Soon after, Wyatt Taylor called his uncle again, “asking for a ride.” The uncle later told the Decatur County Sheriff’s Department that he could “hear smoke alarms going off in the background of the call.”
The suspect wouldn’t put his father on the phone and hung up, the affidavit adds. When the uncle called back and requested again to speak with his brother, Wyatt Taylor allegedly told him that his father was asleep. And when asked about the smoke alarms, the younger man had a simple answer: “he was just cooking a pizza.”
The uncle asked a third time to speak with his 50-year-old brother, according to Indianapolis CW affiliate WISH, to no avail.
On Tuesday at 12:05 a.m., the uncle called 911 to request a wellness check at the home, located in the 3300 block of South County Road 60 Southwest outside Greensburg. The uncle “reported Wyatt to have a history of depression.”
Deputies responded within 15 minutes and were met by the suspect in his driveway, police said. He allegedly “re-asserted that he had cooked a pizza causing the smoke detectors to go off,” and that there was no need for help.

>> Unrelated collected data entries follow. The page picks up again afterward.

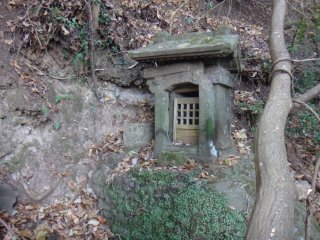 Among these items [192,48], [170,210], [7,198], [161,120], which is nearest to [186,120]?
[161,120]

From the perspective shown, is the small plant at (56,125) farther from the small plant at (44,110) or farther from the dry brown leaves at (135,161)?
the dry brown leaves at (135,161)

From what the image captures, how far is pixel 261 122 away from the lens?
2807mm

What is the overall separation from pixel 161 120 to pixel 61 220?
2.34 meters

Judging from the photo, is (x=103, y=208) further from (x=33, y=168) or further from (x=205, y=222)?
(x=205, y=222)

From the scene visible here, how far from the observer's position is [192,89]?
5.60 meters

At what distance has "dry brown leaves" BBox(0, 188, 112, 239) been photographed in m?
4.52

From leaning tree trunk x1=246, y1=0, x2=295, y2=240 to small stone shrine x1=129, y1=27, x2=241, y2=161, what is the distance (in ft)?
5.76

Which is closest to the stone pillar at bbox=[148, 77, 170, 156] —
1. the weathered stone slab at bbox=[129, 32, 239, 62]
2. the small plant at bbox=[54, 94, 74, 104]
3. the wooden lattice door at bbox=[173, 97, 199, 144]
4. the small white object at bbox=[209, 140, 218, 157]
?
the wooden lattice door at bbox=[173, 97, 199, 144]

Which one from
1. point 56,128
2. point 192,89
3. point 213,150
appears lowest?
point 213,150

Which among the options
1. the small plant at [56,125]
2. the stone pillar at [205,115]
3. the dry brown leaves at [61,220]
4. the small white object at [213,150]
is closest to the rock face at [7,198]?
the dry brown leaves at [61,220]

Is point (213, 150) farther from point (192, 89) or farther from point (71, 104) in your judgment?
point (71, 104)

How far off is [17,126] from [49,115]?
0.63 m

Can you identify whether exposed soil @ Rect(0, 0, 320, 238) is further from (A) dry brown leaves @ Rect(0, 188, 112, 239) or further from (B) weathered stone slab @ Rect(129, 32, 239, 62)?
(B) weathered stone slab @ Rect(129, 32, 239, 62)

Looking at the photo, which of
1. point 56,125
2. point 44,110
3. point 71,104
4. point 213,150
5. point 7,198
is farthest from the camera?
point 71,104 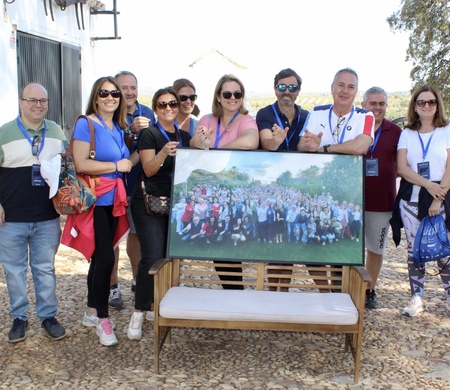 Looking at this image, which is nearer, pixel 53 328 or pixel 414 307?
pixel 53 328

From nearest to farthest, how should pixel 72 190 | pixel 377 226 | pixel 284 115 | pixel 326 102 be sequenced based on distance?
1. pixel 72 190
2. pixel 284 115
3. pixel 377 226
4. pixel 326 102

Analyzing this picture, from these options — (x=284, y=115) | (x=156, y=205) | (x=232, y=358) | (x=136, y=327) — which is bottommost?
(x=232, y=358)

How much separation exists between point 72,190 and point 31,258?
2.56 ft

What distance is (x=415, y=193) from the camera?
4758 millimetres

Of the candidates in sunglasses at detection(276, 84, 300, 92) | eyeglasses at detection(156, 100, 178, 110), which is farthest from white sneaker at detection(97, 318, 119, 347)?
sunglasses at detection(276, 84, 300, 92)

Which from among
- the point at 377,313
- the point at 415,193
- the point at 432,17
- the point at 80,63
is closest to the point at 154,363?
the point at 377,313

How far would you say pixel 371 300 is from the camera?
5230 millimetres

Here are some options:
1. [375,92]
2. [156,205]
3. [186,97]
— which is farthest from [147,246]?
[375,92]

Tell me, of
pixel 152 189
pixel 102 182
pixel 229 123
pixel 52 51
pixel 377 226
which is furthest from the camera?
pixel 52 51

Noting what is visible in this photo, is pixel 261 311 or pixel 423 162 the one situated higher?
pixel 423 162

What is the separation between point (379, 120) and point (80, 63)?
8.51 meters

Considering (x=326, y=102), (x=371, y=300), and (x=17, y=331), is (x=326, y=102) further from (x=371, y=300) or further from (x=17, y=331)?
(x=17, y=331)

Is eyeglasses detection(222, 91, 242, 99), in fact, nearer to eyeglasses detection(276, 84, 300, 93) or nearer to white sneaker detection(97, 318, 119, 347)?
eyeglasses detection(276, 84, 300, 93)

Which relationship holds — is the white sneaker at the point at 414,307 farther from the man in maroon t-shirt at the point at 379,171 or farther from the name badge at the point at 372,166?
the name badge at the point at 372,166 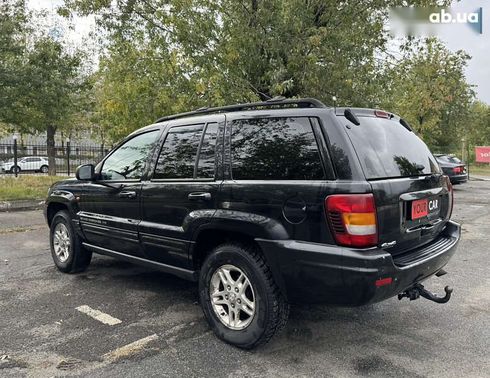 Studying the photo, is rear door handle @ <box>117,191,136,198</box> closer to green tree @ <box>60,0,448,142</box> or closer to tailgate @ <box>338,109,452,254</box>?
tailgate @ <box>338,109,452,254</box>

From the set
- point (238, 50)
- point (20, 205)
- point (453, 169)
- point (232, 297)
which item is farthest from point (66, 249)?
point (453, 169)

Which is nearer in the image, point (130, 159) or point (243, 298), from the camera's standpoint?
point (243, 298)

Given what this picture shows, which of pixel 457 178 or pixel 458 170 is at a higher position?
pixel 458 170

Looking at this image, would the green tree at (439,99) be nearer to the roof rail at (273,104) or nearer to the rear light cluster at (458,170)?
the rear light cluster at (458,170)

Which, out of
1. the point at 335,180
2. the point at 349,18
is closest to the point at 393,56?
the point at 349,18

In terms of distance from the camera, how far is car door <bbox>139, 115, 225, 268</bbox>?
3.60 m

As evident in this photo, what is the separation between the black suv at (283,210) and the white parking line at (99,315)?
0.58 metres

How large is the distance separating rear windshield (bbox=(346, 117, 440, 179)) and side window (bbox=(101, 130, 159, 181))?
2050mm

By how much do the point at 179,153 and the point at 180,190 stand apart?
1.33 feet

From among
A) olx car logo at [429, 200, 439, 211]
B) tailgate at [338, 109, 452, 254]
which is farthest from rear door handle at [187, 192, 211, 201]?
olx car logo at [429, 200, 439, 211]

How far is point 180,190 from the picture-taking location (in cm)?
377

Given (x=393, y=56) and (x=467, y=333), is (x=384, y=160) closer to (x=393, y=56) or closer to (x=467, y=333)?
(x=467, y=333)

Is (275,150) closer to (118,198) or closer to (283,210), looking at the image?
(283,210)

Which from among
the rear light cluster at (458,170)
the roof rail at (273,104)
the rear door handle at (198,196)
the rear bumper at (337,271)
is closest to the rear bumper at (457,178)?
the rear light cluster at (458,170) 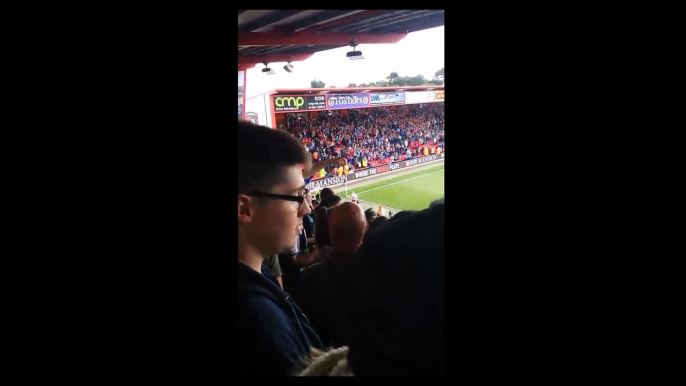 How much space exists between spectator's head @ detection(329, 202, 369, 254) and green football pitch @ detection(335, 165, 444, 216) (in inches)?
2.2

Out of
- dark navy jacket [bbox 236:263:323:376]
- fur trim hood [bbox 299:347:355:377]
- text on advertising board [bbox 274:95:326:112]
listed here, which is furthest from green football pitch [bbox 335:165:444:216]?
fur trim hood [bbox 299:347:355:377]

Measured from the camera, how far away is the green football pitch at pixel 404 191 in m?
1.86

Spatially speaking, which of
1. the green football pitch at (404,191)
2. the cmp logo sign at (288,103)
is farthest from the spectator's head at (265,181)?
the green football pitch at (404,191)

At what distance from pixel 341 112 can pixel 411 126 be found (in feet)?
1.11

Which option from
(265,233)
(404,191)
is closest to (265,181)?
(265,233)

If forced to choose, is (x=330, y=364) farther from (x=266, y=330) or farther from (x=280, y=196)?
(x=280, y=196)

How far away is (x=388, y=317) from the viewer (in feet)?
6.20

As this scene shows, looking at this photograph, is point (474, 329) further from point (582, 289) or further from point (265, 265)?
point (265, 265)

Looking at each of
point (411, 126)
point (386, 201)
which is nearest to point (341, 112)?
point (411, 126)

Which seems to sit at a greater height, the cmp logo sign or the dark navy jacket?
the cmp logo sign

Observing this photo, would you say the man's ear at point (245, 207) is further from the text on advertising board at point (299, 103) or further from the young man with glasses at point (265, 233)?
the text on advertising board at point (299, 103)

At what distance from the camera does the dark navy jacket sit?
1.81 m

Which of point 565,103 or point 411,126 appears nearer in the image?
point 565,103

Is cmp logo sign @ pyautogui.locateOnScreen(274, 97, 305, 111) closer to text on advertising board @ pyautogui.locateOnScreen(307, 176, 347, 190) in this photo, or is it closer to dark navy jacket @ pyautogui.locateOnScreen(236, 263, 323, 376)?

The officers left.
The uncle, undeterred, asked officers to go back and check again. The deputies did, and about 20 minutes later, they were once again met by the suspect in the driveway. When they asked to speak with Joshua Taylor, “Wyatt told them that Joshua was sleeping,” according to the affidavit. Still, they were led into the home.

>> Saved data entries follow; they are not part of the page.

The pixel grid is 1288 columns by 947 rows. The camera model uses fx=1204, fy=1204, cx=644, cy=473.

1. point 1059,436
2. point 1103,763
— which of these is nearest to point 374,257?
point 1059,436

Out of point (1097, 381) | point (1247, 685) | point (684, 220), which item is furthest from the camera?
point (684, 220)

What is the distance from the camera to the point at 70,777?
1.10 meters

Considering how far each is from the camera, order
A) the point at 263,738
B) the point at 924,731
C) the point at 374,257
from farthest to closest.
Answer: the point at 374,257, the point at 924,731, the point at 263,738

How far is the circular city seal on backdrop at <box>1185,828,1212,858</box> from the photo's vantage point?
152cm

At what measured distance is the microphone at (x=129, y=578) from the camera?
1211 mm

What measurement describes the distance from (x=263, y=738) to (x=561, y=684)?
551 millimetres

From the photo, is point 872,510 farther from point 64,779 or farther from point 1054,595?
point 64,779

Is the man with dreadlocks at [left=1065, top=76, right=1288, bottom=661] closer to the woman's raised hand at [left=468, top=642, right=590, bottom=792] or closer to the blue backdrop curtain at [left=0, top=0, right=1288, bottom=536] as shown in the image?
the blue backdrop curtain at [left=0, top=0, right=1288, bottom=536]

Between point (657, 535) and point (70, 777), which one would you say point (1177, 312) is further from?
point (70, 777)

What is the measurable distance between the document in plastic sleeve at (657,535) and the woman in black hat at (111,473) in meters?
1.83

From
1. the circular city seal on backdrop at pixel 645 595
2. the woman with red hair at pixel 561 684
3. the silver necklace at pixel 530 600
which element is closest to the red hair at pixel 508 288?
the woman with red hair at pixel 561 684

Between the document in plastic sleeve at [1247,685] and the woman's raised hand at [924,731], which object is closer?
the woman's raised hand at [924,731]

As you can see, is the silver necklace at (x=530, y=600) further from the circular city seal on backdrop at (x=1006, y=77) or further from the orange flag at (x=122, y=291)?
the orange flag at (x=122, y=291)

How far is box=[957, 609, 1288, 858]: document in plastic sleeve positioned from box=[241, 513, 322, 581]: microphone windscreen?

They entered a “first story bedroom with the door open and the lights off.” When Wyatt Taylor turned a light on, he allegedly looked in the direction of his dead father in bed, gestured toward him, and said, “He’s right there.”

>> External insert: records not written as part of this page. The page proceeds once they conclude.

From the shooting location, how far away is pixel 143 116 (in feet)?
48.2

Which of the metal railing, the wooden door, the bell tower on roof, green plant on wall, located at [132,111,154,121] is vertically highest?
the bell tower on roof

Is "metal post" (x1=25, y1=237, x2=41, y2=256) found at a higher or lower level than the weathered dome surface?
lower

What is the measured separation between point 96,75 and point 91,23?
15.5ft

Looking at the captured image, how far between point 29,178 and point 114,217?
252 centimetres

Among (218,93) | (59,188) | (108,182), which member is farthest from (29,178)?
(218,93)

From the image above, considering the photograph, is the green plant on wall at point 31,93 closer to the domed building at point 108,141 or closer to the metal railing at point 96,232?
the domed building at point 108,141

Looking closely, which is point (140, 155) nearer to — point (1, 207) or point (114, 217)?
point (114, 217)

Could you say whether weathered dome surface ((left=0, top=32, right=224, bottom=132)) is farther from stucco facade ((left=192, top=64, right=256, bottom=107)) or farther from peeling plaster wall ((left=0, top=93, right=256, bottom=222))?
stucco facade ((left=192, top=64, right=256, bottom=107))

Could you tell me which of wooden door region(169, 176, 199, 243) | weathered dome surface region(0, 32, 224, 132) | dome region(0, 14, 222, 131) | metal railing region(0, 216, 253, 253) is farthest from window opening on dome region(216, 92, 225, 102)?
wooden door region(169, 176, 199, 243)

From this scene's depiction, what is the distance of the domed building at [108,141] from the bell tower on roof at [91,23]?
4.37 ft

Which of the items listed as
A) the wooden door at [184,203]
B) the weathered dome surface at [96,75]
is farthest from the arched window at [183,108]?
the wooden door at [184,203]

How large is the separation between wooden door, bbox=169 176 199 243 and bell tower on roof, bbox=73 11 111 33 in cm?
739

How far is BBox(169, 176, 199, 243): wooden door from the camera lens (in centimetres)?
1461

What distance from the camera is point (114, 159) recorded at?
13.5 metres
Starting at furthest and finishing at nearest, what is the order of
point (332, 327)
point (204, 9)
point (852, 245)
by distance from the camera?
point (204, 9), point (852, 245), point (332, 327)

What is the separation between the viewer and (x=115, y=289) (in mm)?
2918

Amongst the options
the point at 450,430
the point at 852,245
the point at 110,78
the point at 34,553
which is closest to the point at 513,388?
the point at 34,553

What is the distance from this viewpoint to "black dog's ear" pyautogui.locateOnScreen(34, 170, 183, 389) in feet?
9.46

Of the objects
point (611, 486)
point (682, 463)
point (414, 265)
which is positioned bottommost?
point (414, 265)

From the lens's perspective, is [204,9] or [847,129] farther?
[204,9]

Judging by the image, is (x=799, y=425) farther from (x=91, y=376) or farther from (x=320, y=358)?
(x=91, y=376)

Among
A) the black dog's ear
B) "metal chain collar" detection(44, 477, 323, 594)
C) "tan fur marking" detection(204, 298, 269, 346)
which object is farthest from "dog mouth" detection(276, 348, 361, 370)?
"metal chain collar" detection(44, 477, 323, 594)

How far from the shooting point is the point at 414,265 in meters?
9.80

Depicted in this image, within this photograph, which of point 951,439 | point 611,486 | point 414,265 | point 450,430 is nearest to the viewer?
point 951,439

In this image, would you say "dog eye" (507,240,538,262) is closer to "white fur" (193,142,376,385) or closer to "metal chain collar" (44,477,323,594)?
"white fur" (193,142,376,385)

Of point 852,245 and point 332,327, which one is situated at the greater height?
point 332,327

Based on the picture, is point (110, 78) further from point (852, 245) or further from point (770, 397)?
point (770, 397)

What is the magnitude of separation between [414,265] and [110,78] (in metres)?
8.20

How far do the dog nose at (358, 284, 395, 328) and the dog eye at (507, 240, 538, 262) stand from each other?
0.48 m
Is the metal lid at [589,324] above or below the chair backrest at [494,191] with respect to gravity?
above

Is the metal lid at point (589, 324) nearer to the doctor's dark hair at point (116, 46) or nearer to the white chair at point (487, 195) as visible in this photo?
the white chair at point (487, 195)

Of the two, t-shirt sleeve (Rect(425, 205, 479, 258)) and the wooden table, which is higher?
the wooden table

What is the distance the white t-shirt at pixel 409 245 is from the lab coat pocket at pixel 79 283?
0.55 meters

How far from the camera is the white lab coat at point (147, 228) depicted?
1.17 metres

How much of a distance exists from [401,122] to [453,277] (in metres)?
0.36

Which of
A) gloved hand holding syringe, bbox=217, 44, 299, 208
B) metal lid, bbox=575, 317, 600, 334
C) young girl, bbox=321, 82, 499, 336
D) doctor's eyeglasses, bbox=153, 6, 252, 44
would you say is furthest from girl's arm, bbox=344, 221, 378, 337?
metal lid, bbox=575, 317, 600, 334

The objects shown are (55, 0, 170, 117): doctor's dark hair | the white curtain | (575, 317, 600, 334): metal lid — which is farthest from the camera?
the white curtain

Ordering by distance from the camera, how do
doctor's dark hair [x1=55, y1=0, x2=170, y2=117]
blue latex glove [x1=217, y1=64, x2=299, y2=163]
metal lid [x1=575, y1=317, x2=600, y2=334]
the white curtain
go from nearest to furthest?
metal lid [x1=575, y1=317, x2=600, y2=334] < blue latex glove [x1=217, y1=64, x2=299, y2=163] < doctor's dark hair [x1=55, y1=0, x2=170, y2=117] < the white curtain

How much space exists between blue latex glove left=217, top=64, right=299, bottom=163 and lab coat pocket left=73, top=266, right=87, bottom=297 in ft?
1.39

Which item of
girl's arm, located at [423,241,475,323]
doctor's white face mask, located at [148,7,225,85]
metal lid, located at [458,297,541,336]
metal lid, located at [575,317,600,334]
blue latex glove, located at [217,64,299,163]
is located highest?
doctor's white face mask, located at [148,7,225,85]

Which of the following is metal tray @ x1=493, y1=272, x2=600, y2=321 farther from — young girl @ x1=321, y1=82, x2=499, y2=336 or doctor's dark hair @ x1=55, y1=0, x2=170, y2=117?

Deputies confirmed the man to be dead, “noting head and neck gunshot wounds. They also noted multiple spent bullet casings in plain view in the bedroom,” the affidavit states. When one of the officers asked Wyatt Taylor if anyone else was home, he is said to have replied, “No sir, there’s not.”
“There’s nobody in the house sir,” he told the other deputy, the court document states, with it adding that the suspect admitted to having consumed alcohol that night. The officers searched the rest of the house to make sure it was safe, and then they launched an investigation into Joshua Taylor’s death.
Multiple spent bullet casings were found near Joshua Taylor’s body “in the bedding and wall” behind where he had been lying, the affidavit maintains. A smoke detector was also found “in the vicinity of where the shots are believed to have been fired,” it adds. Furthermore, while a cardboard box was later found, there was no evidence of any burnt pizza.
A firearm of the same caliber as the spent casings was located upstairs in the home, complete with an “empty magazine in the handgun that had the precise capacity as the number of spent casings.” Next to the firearm appeared to be Wyatt Taylor’s wallet, his hat, and a box of the same caliber ammunition.
The suspect was apprehended and taken to the county jail, where Decatur County Sheriff Bill Meyerrose and a detective interviewed him. After he was read his Miranda rights, Wyatt Taylor told them he had just moved back home from Utah two weeks ago. Then he spoke about his father.
Wyatt Taylor allegedly claimed his father had been “throwing up gang signs,” and the 28-year-old suspect said he feared for his life just days before. “He described his father as ‘bipolar toward [Wyatt]’, and ‘very suicidal’ and ‘belligerent,’ the court document states. The suspect later said he was “in fear of [his] life, extremely in fear of [his] life.”
On Wednesday, an autopsy was performed. “Multiple entry and exit wounds were found,” the affidavit states, and “the doctor was able to ascertain that multiple of the gunshot wounds caused fatal injury. It was determined that the preliminary cause of death was multiple gunshot wounds to the head and neck.”
A bullet found inside the body appeared to match the casings found at the home, and the total number of located spent bullets “precisely match[ed] the number of spent casings and the magazine capacity.”
Wyatt Taylor has a pretrial conference scheduled for Oct. 7. His jury trial is already scheduled to begin on Feb. 16 of next year.